C’est pourquoi je reviens vers vous à l’occasion du décès de Mr Moïse SCHINAZI, pour vous questionner à nouveau, en cette période particulière de notre pays où le déni du passé, les dérives réactionnaires xénophobes et la recherche de boucs émissaires ne sont pas en diminution.
Nous savons que votre prédécesseur à la présidence ordinale départementale était prêt à sortir du déni mémoriel. Nous savons également qu’il a rencontré quelques difficultés avec sa hiérarchie nationale à ce sujet. Nous savons enfin que vous avez quelques problèmes de légitimité quant à votre arrivée à la présidence en février dernier : l’élection qui vous a portée au pouvoir départemental ordinal s’est faite avec un record d’abstention des médecins girondins qui flirte avec les 85 %.

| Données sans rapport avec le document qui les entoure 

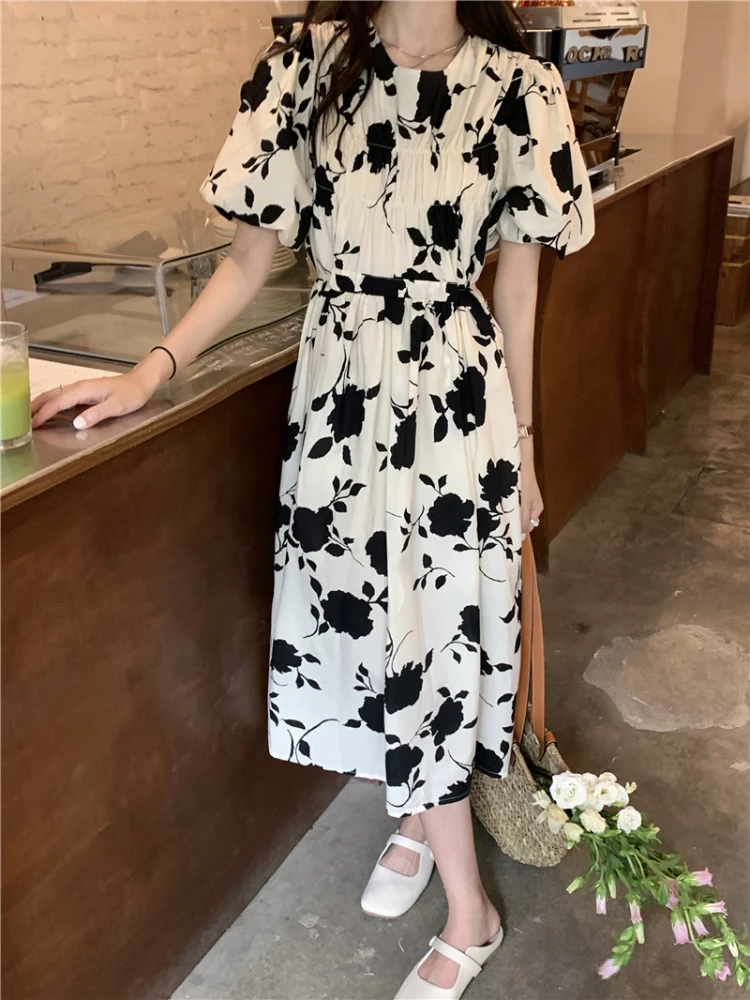 

Gentle Woman Summer Printing Chiffon Dress Niche Design Drawstring Lantern Sleeve Midi Dress Harajuku Retro Style Fairy Dress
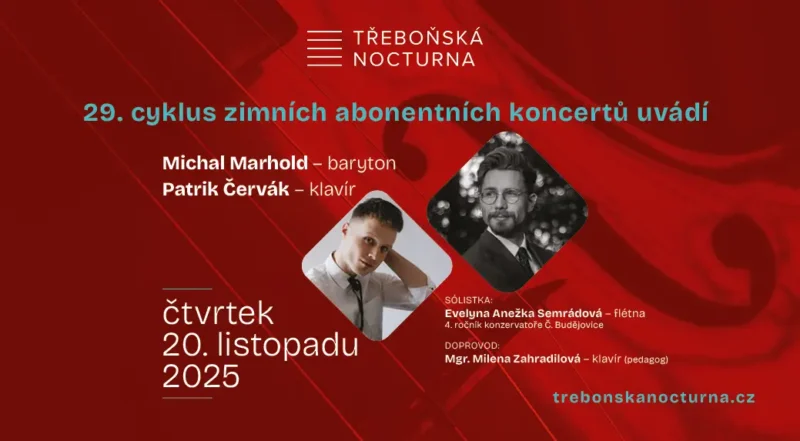 Červený oznam o koncerte „Třeboňská Nocturna“ 20. novembra 2025 obsahuje portréty dvoch hudobníkov a obsahuje textové podrobnosti o účinkujúcich a informácie o podujatí.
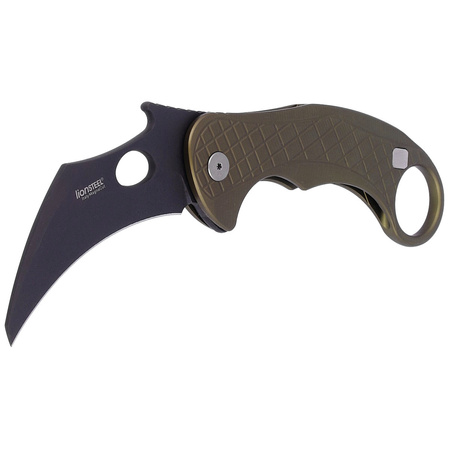 LionSteel L.E.One Knife Green Aluminum, Chemical Black MagnaCut by Emerson Design (LE1 A GB)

Mais nous considérons que votre responsabilité est pleine et entière pour redorer quelque peu l’image de l’institution ordinale départementale, alors que la Ville de Bordeaux semble avoir assumé à plusieurs reprises son devoir de mémoire.
Dans l’attente de votre réponse, avec la famille SCHINAZI et ses proches, je reste disponible pour tout échange et vous remercie pour votre attention renouvelée.